The growing complexity and scope of modern supply chains result in painfully slow product recalls, even when consumer well-being is at stake. For example, in 2009, salmonella-tainted peanuts killed nine people and sickened more than 700 in 46 states, and the resulting nationwide recall cost peanut farmers, their wholesale customers and retailers more than $1 billion in lost production and sales. Tyson Foods’ 2019 recall of nearly 12 million pounds of frozen chicken strips also cost the company millions.
The risk to health increases for each day that bad food remains in circulation, and little is known about food companies’ underlying recall process to identify and remove tainted products from the supply chain. However, new research from the University of Notre Dame helps to close the gap between what is and isn’t known about food recalls.
There are two key drivers of recall uncertainty — upstream and downstream complexity, according to “Food for Thought: Recalls and Outcomes,” forthcoming in the Journal of Business Logistics from lead author Kaitlin Wowak, associate professor of information technology, analytics and operations in Notre Dame’s Mendoza College of Business.
“This research is the first to propose that managers embed recall options into their decision-making when trying to manage recall uncertainty,” Wowak said. “Our study suggests that product recalls may not cleanly fall into recall categories as previously thought, but instead take the form of recall layering — that is, nested recalls or a recall within a larger recall. Understanding that recall layering may be present can help companies segment a recall to more effectively manage it.”
Recall options give decision-makers the opportunity but not the obligation to take certain actions in the future and can help managers make better-informed decisions as the recall process unfolds. Wowak says three recall options emerged from the study, all of which can provide major potential value under conditions of recall uncertainty.
“Scale options enable managers to expand recalls over time,” she noted. “Deferral options allow managers to postpone executing a recall until a later point in time when they have a better understanding of the recall situation, and abandonment recall options occur when a recall was incorrectly initiated and thus is terminated when more information is revealed.”
The study suggests that recall layering can inform a firm’s strategy for how to effectively manage recalls as they evolve. For example, when a firm encounters the need for a recall, it can invoke different recall options depending on the nested recalls that surface within the larger recall.
“The specific nested recalls that emerge may change from recall to recall and could evolve as the larger recall unfolds, depending on the degree of uncertainty,” Wowak explained. “Assume a firm initiates a recall that has a high degree of upstream complexity. A nested recall within that larger recall could be effectively managed with a deferral recall option. Once the firm has a better understanding of the situation, the next nested recall that emerges may be effectively managed with a scale recall option.”

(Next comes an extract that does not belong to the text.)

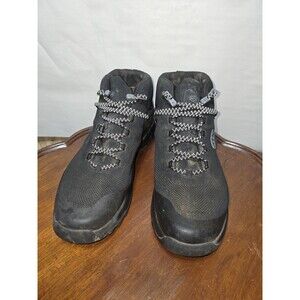 KEEN Hiking Boots Mens 15 Black Mid Outdoor Trail Waterproof Utility Boots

The study provides insights about which recall options may be used in various situations to help decision-makers manage the recall when facing uncertainty and makes designing, revising and improving the recall process more actionable for managers and scholars.
The team, including co-authors Christopher Craighead from the University of Tennessee and David Ketchen Jr. and Brian Connelly from Auburn University, conducted 55 interviews involving 21 different entities along the entire supply chain (farms, manufacturers, distribution centers/retailers and logistics providers) as well as nonprofit organizations, federal governmental agencies and subject matter experts over multiple years.